<<<<

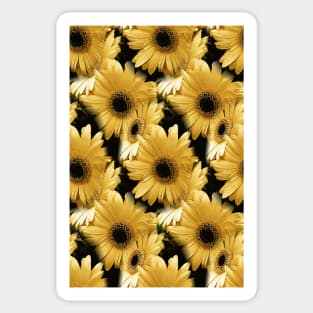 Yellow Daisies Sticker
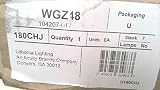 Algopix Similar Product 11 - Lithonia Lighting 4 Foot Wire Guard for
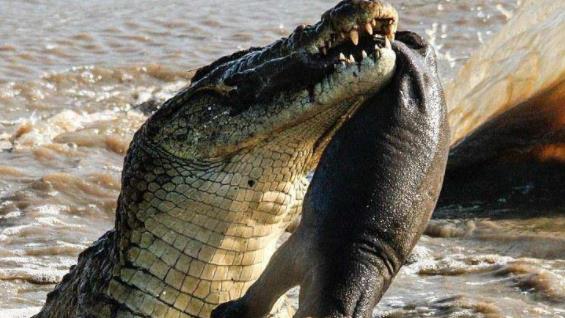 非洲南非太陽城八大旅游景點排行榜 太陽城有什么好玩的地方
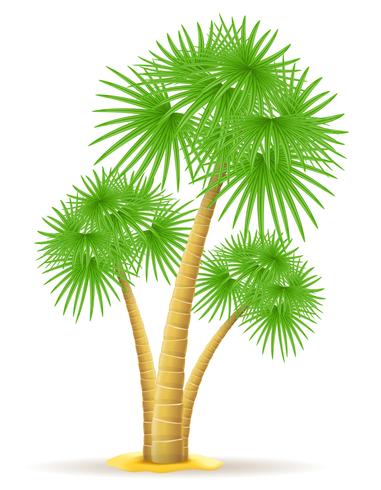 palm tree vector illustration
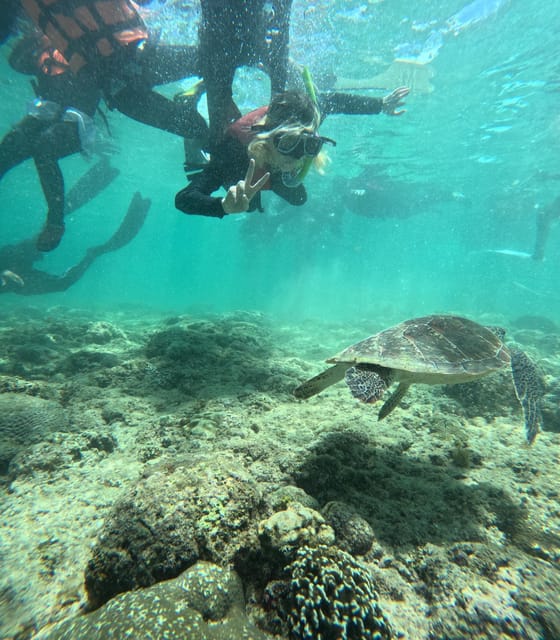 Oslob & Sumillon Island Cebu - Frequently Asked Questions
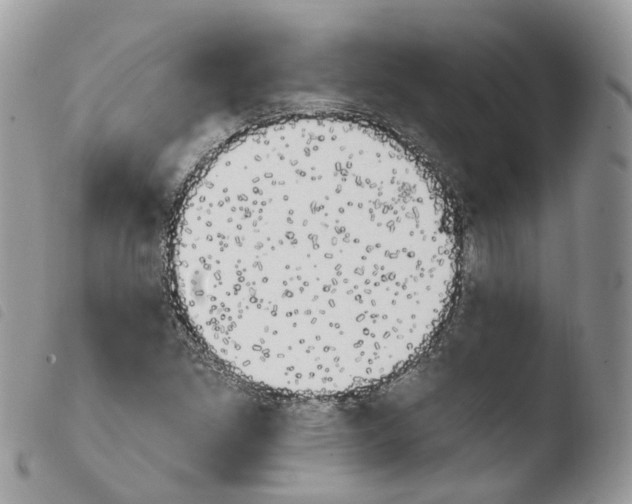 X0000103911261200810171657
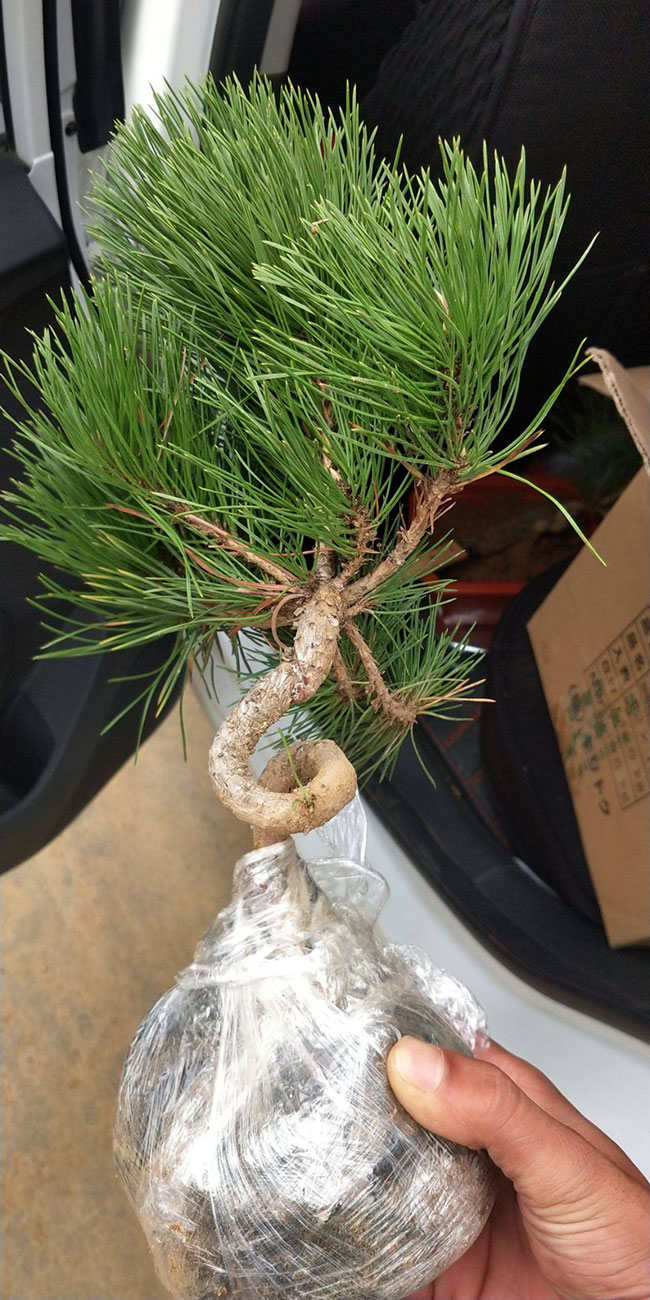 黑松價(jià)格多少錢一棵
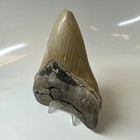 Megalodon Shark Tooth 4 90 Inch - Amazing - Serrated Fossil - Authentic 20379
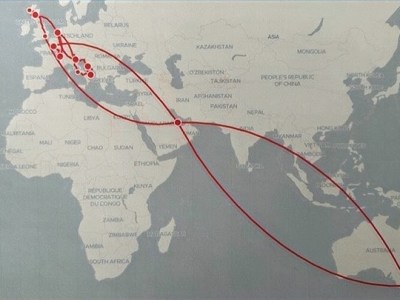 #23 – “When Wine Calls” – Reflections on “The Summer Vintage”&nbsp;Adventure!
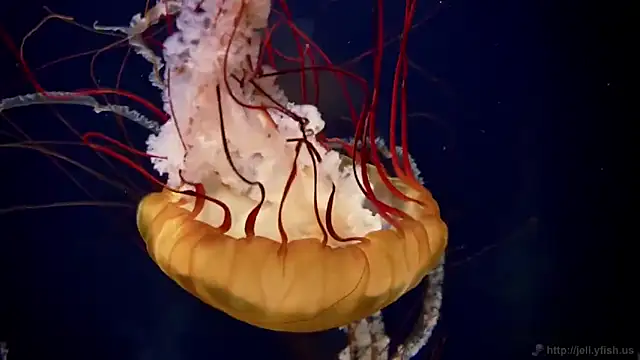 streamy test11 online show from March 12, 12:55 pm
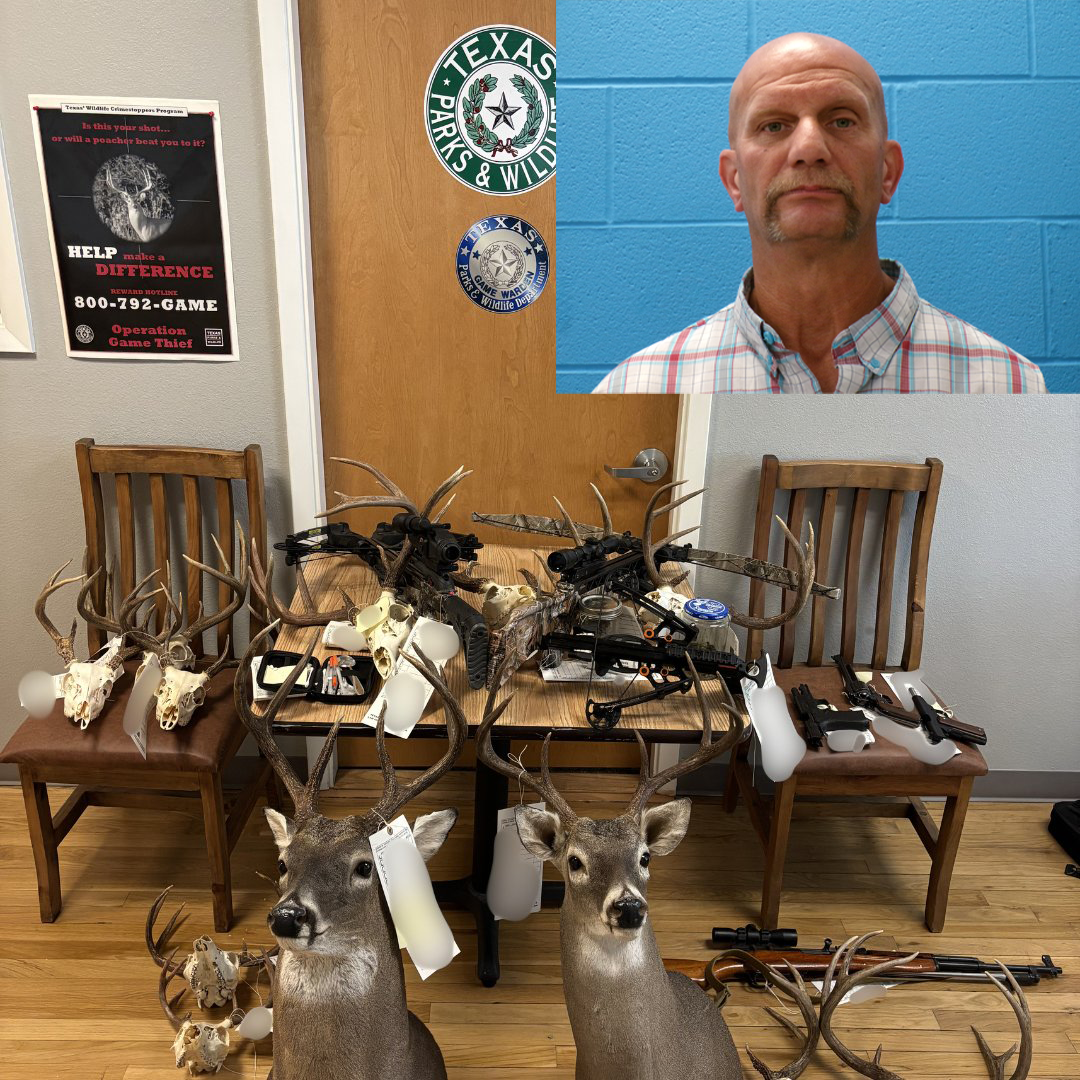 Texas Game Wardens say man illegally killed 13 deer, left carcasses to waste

>>>>
<<<<

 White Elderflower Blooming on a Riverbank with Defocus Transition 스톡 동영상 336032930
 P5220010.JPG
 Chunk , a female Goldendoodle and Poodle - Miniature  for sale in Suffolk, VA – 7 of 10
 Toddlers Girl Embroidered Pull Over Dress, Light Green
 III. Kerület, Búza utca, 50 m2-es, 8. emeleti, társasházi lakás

>>>>

**Directions for this task**.
Reproduce exactly the lines of the data above that run from the line with "Yellow Daisies Sticker" down to the line with "Megalodon Shark Tooth", both ends included. Pictures do not belong in the copy.

**Task answer**.
 Yellow Daisies Sticker
 Algopix Similar Product 11 - Lithonia Lighting 4 Foot Wire Guard for
 非洲南非太陽城八大旅游景點排行榜 太陽城有什么好玩的地方
 palm tree vector illustration
 Oslob & Sumillon Island Cebu - Frequently Asked Questions
 X0000103911261200810171657
 黑松價(jià)格多少錢一棵
 Megalodon Shark Tooth 4 90 Inch - Amazing - Serrated Fossil - Authentic 20379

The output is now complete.